Analyze the malware found in the file Lab06-02.exe.

1. What operation does the first subroutine called by main perform?
Answer: This subroutine is exactly the same as the first subroutine in Lab 6-1. It is an if statement that checks if there is an active internet connection.

2. What is the subroutine located at 0x40117F?
Answer: Same as question 2 in Lab 6-1. This is an unlabeled printf function.

3. What does the second subroutine called by main do?
Answer: It is using imports from WININET.dll to read a command from http://www.practicalmalwareanalysis.com/cc.htm as can be seen in the snippets below:

4. What type of code construct is used in this subroutine?
Answer: After the call to InternetReadFile, we see a bunch of cmp instructions being performed:
These cmp instructions compare 1 value at a time to the value in Buffer, var_20F, var20E, and var_20D. It looks like Buffer is an array of characters. The program is checking

<!--

against the first 4 characters in the Buffer array. This is the start of a HTML comment. If the first four characters in Buffer[] match the start of a HTML comment, the 5th character in Buffer[] will be moved into AL.

5. Are there any network-based indicators for this program?
Answer: The URL http://www.practicalmalwareanalysis.com/cc.htm and the user agent Internet Explorer 7.5/pma can be used as a network-based indicator.


6. What is the purpose of this malware?
Answer: It first checks if there is an active internet connection, if this is the case, it will open the URL http://www.practicalmalwareanalysis.com/cc.htm and read a HTML comment from it.

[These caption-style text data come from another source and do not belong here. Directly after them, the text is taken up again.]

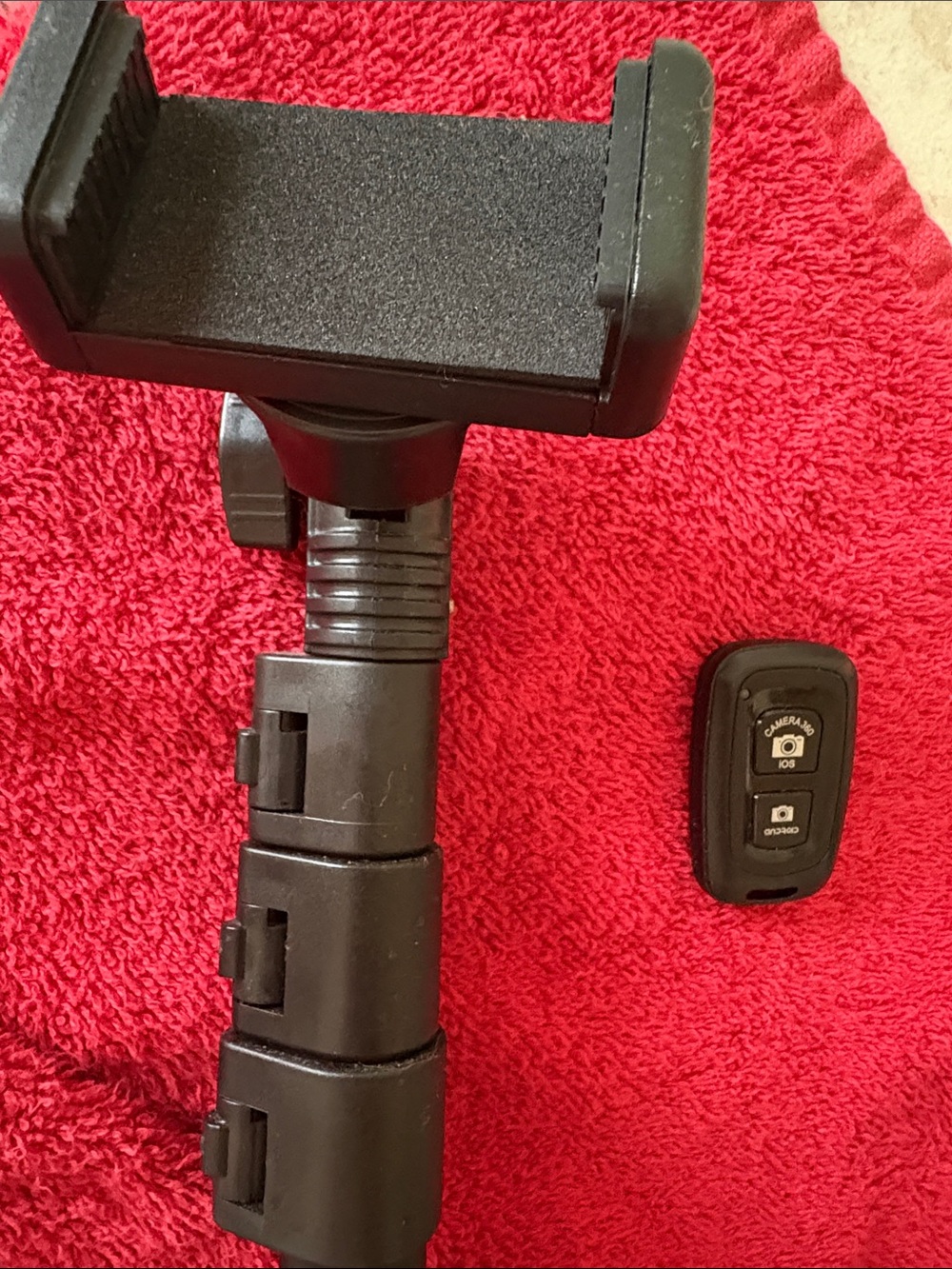 Black Phone Mount with Remote Shutter - Compact Camera Accessory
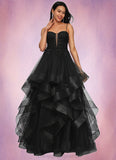 Mariah Ball-Gown/Princess Sweetheart Floor-Length Tulle Prom Dresses With Appliques Lace Sequins STIP0022220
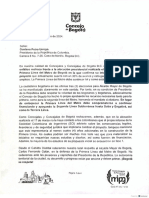 Carta de Los Concejales de Bogotá Al Presidente Gustavo Petro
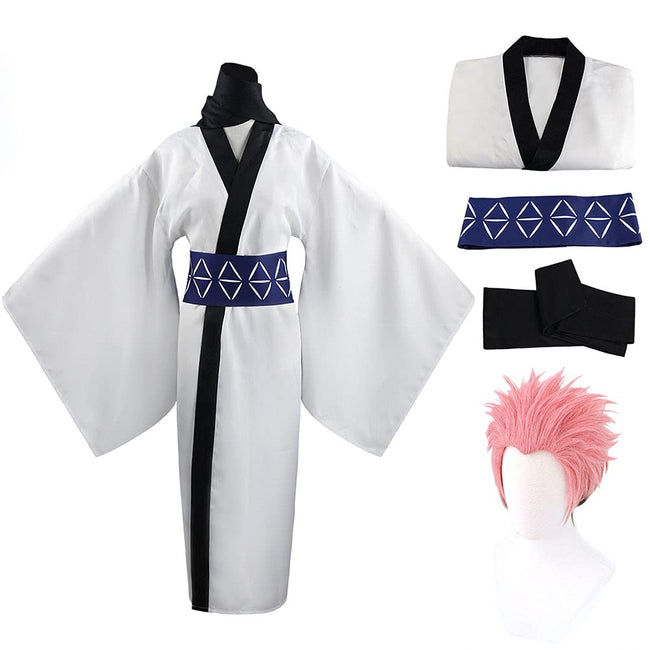 Han shan Itadori Uniform Ryomen Sukuna Cosplay Costume Full Set Suits School Uniform Sportswear with Keychain (RyomenB(with wig), XL) Hover Image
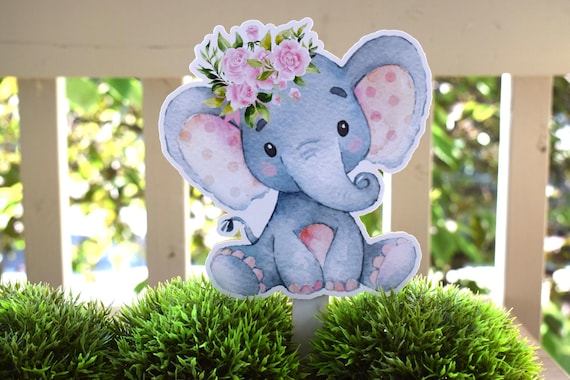 Pink Rose Elephant Cake Toppers, Elephant Baby Shower and Party, Pink Flower Diaper Cake, Baby Shower Decor, Celebrations By Cris - S0002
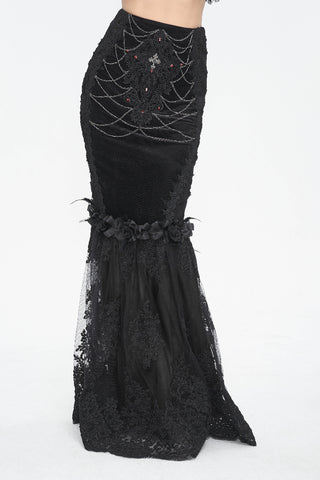 eva lady eskt04401 gothic victorian mermaid fishtail trumper skirt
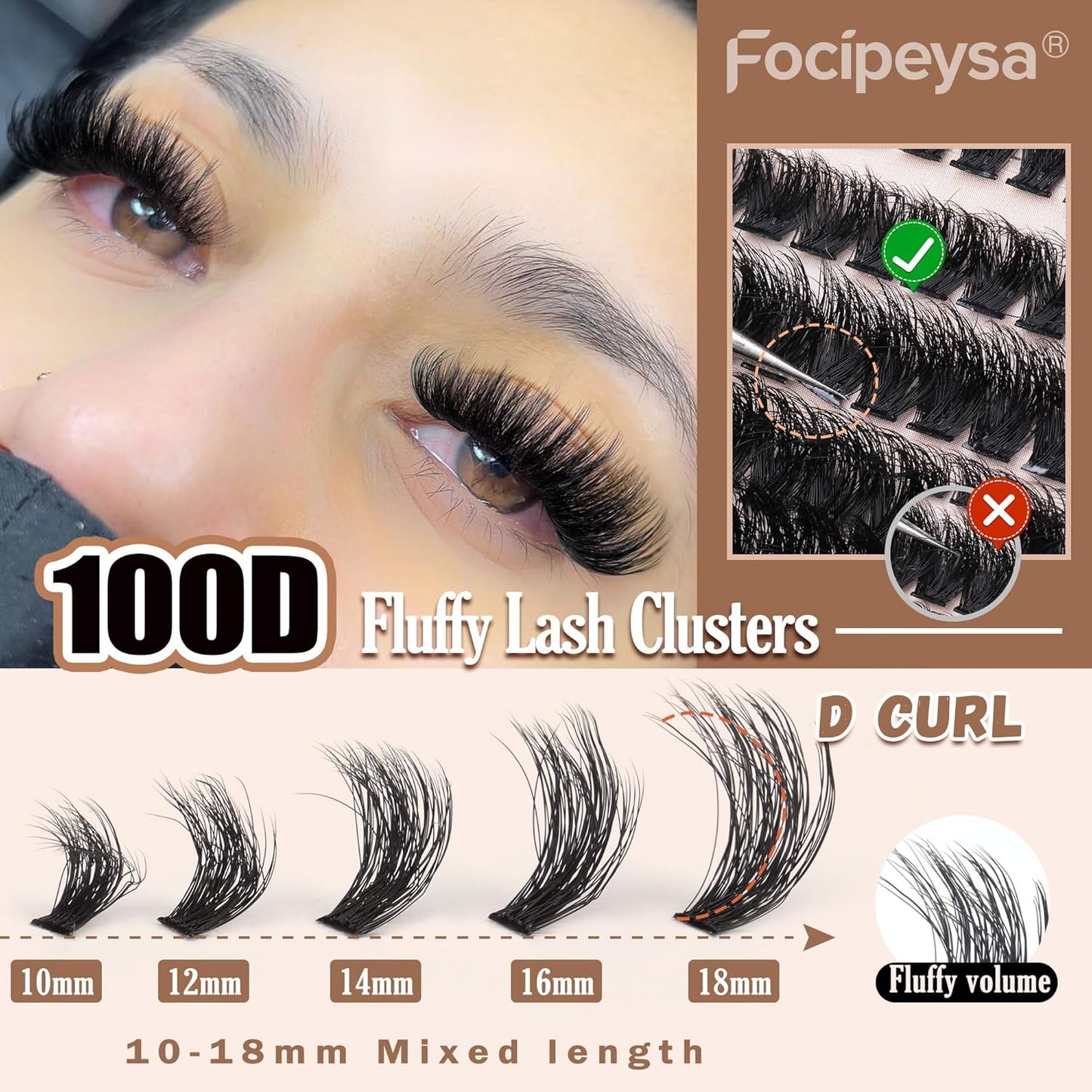 Fluffy Eyelash Extension Kit Volume Lash Clusters Kit 10-18mm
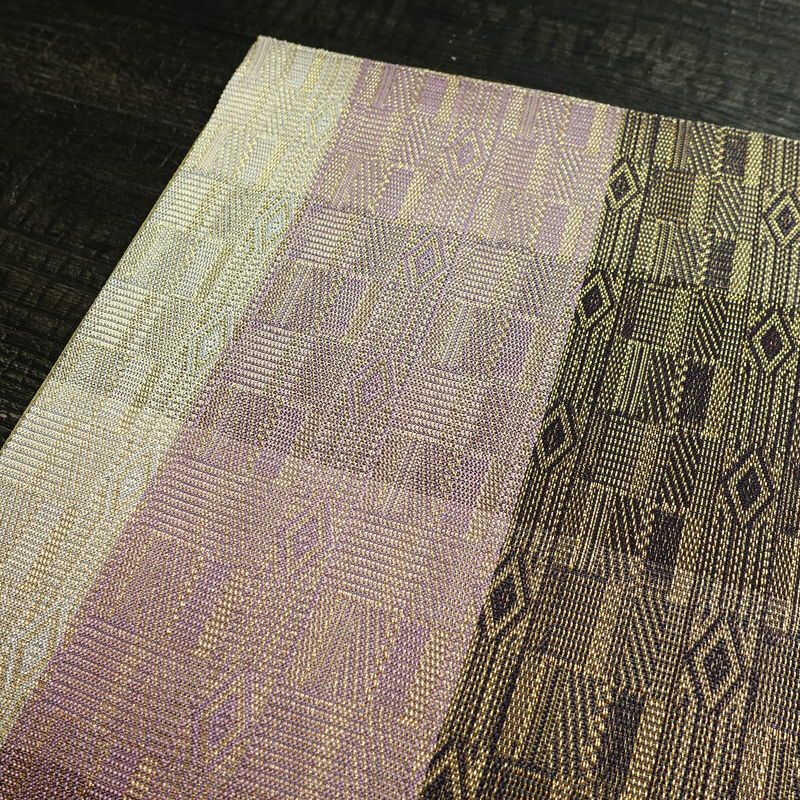 袋帯 六通柄 良品 フォーマル用 正絹 幾何学柄・抽象柄 箔 金糸 帯 金・銀_画像12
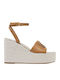 Women's Ankle Strap Platforms Brown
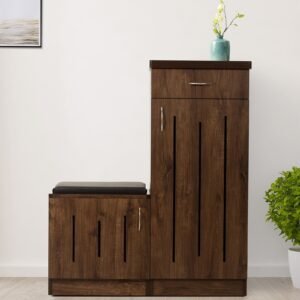 Cygnus Shoe Rack with Seating in Classic Walnut Matte Finish
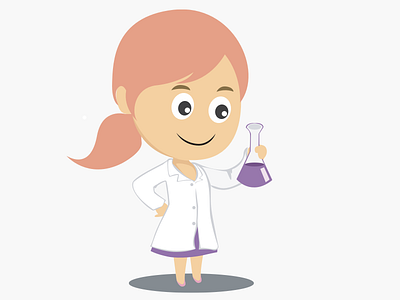 Girl chemist 2d illustration chemicals chemist chemistry design illustration lerning school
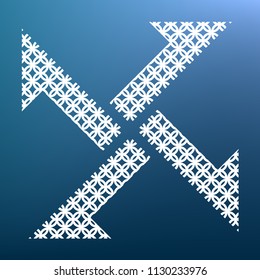 Cross from arrows icon. Vector. White textured icon at lapis lazuli gradient background.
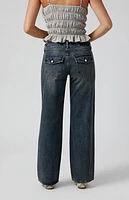 Pacsun Zoe Low Rise Girlfriend Jeans Dark Indigo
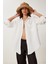 Oversize Basic Müslin Gömlek Ekru LMX0002 3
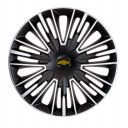 4 RACING Jerez Silver&Black R15 Колпаки для колес с логотипом Chevrolet (Комплект 4 шт.)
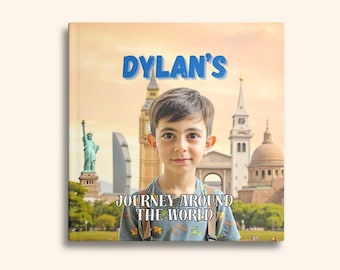 Personalized children&#39;s Book with name World Journey book gift for kids birthday unique gift for kids custom photo book ai photos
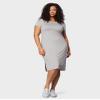 32 DEGREEES Womens Cool T-Shirt Dress | Moisture Wicking | Ultra-Soft | Anti - Odor | Side Slits, Ghost Grey Heather, XX-Large view 2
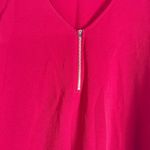 A Byer A. BYER Women’s Wine Colored Cuffed Sleeve Front Zip Lace Accent Top Size Medium Photo 2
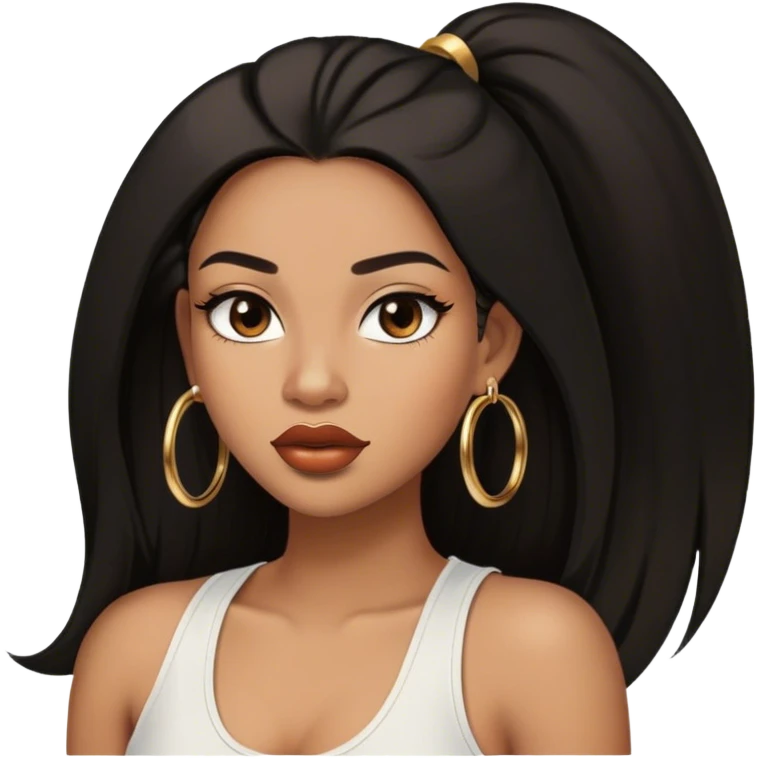 light brown skin tone, very beautiful woman, with big plump lips, long long lashes, black straight long hair, brown eyes, white tank top, gold hoop earrings emoji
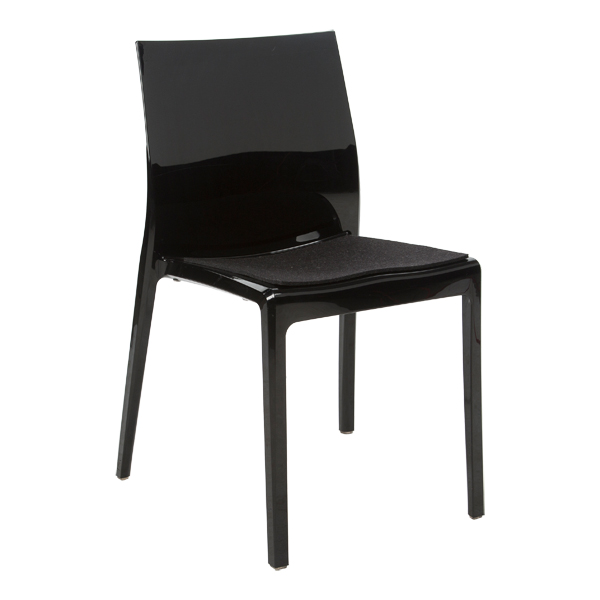 Sedia Nancy Nera Con Cuscino In Feltro Antracite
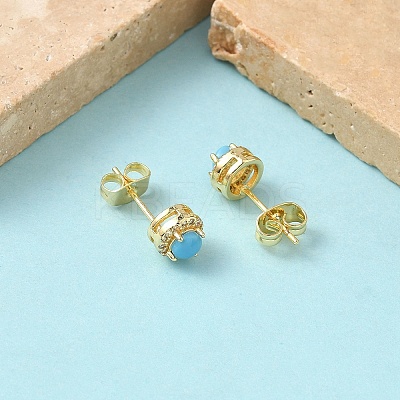 Round Brass Micro Pave Clear Cubic Zirconia Stud Earrings EJEW-Z144-13G-1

If it succesfully reads the HTML comment, it will print the command that was read and sleep for a total of 60 seconds.

Comparing my answers to the Lab 6-2 solutions

Conclusions after comparison:

  • The buffer array is of size 512 and has not been properly labeled by IDA. To fix this, we first need to press [CTRL+K] within the function. Then, we need to right click on Buffer and convert it to an Array:


    • Going back to the function, we see that it is now properly labeled:
  • The technique of hiding commands in HTML comments is used by attackers to send commands to malware while having the malware appear as if it were going to a normal web page.

Lab 6-3

In this lab, we’ll analyze the malware found in the file Lab06-03.exe.

1. Compare the calls in main to Lab 6-2’s main method. What is the new function called from main?
Answer: The only new function called from main is sub_401130:

2. What parameters does this new function take?
Answer: The function takes two parameters: argv and the char parsed from the HTLM comment.

3. What major code construct does this function contain?
Answer: As we can already see from the comments added by IDA, this is a switch statement that uses jump tables. We can confirm this ourselves by looking at the instructions. At memory address 00401146, var_8 gets compared to 4.
If var_8 is above 4, we jump to def_401153 and the text “Error 3.2: Not a valid command provided” is printed:
This seems to be the default case of the jumptable. If var_8 is not above 4, the variable is used as an index into the jump table, which defines offsets to additional memory locations as we can see in the screenshots below.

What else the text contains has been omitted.